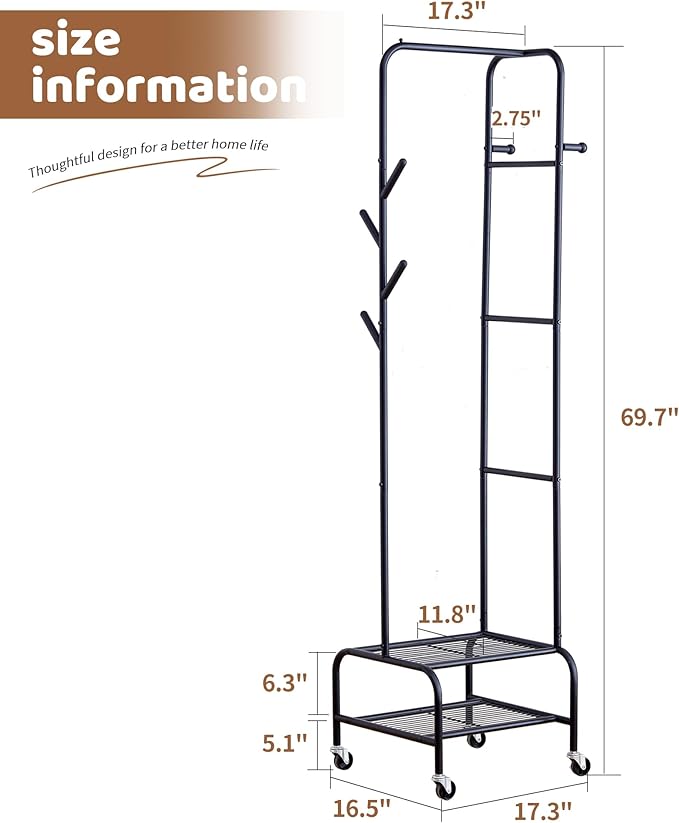 FILWH Rolling Coat Rack with Storage Shelf Freestanding Coat Rack Hall Tree with 6 Hooks for Entryway, Bedroom Metal Clothes Hanger Stand for Hats, Jackets, Bags,Shoes (Black, Double-layer)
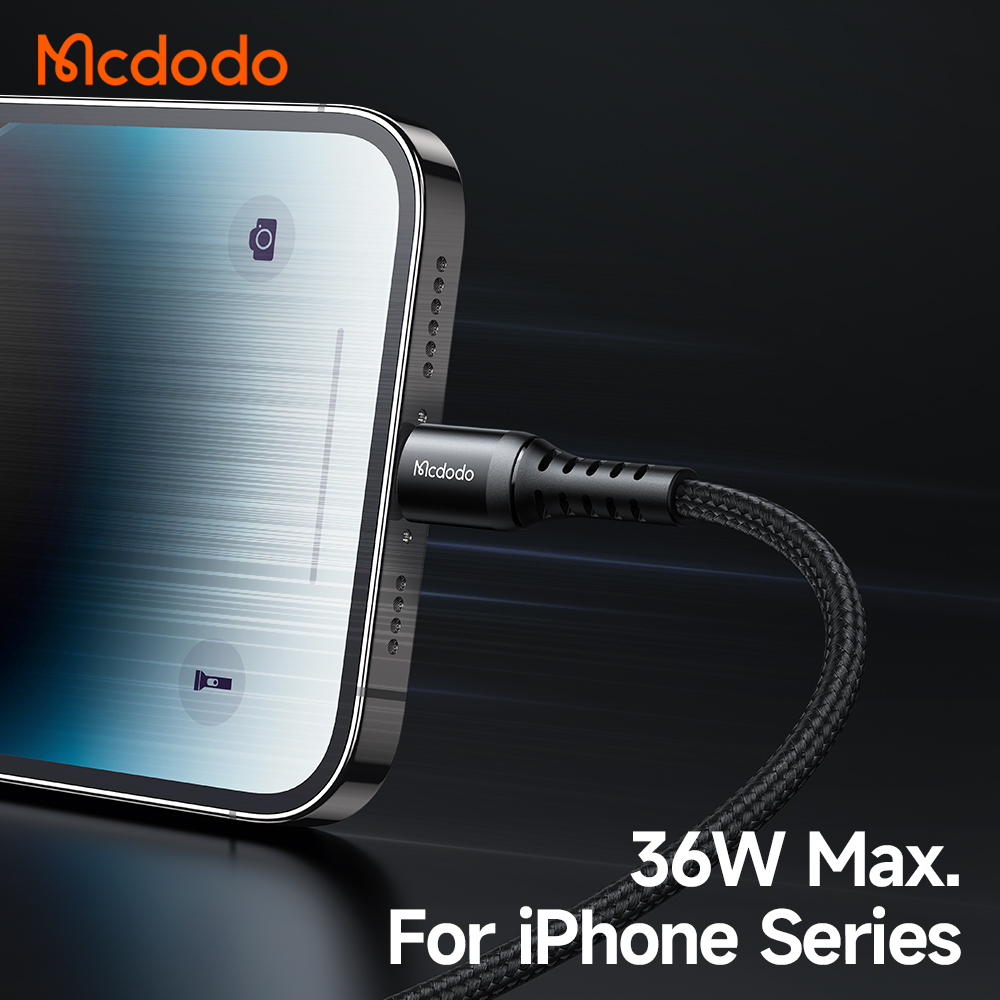 Cáp Sạc Nhanh Mcdodo 36W PD Type-C to Ln | Sạc Siêu Nhanh Cho Máy Tính Bảng & Điện Thoại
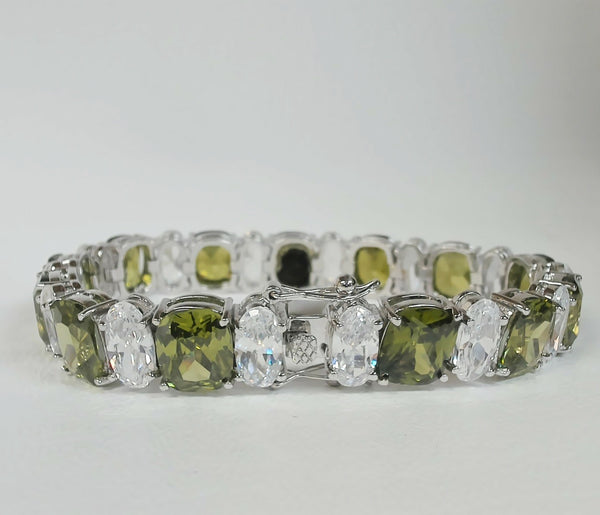 7" Silver-tone Synthetic Stone Bracelet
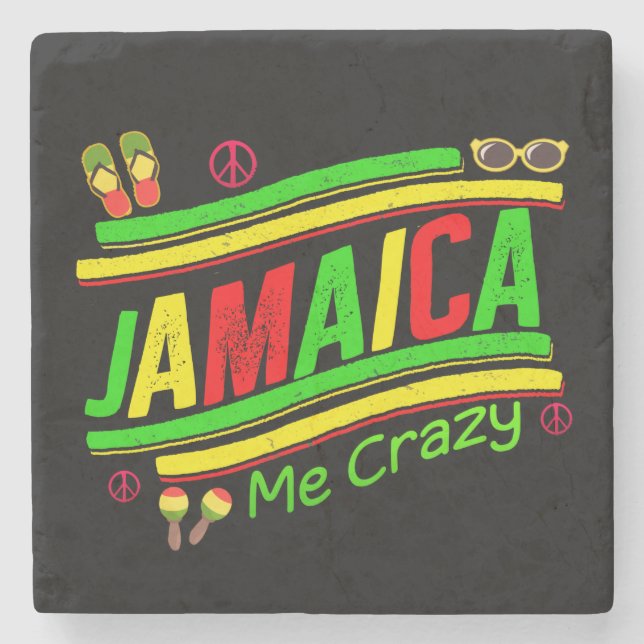 Jamaica Me Crazy Cruise Vacation Group Matching Stone Coaster (Front)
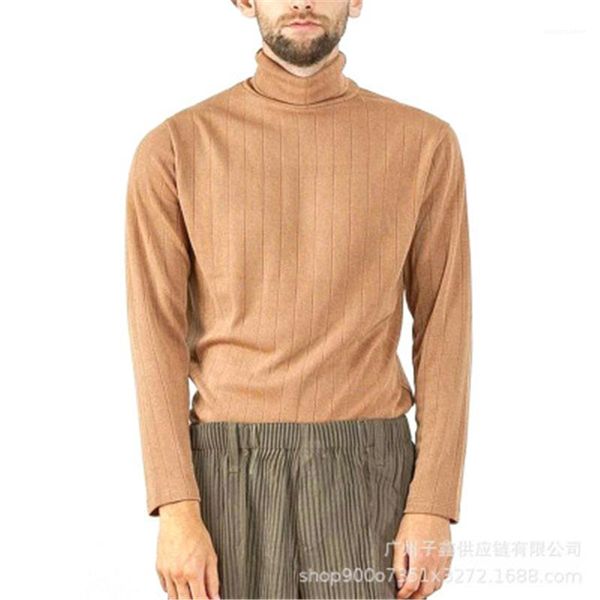 

t-shirt fashion occident trend style solid colors long sleeve casual knitting tees spring male new slim bottoming tshirt mens high neck, White;black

○ ○ ○ ○ ○

- [ACTION ITEM]
Each line above should be printed again exactly, though the pictures should not be.

- [SOLUTION]
 FILWH Rolling Coat Rack with Storage Shelf Freestanding Coat Rack Hall Tree with 6 Hooks for Entryway, Bedroom Metal Clothes Hanger Stand for Hats, Jackets, Bags,Shoes (Black, Double-layer)
 Cáp Sạc Nhanh Mcdodo 36W PD Type-C to Ln | Sạc Siêu Nhanh Cho Máy Tính Bảng & Điện Thoại
 7" Silver-tone Synthetic Stone Bracelet
 Jamaica Me Crazy Cruise Vacation Group Matching Stone Coaster (Front)

t-shirt fashion occident trend style solid colors long sleeve casual knitting tees spring male new slim bottoming tshirt mens high neck, White;black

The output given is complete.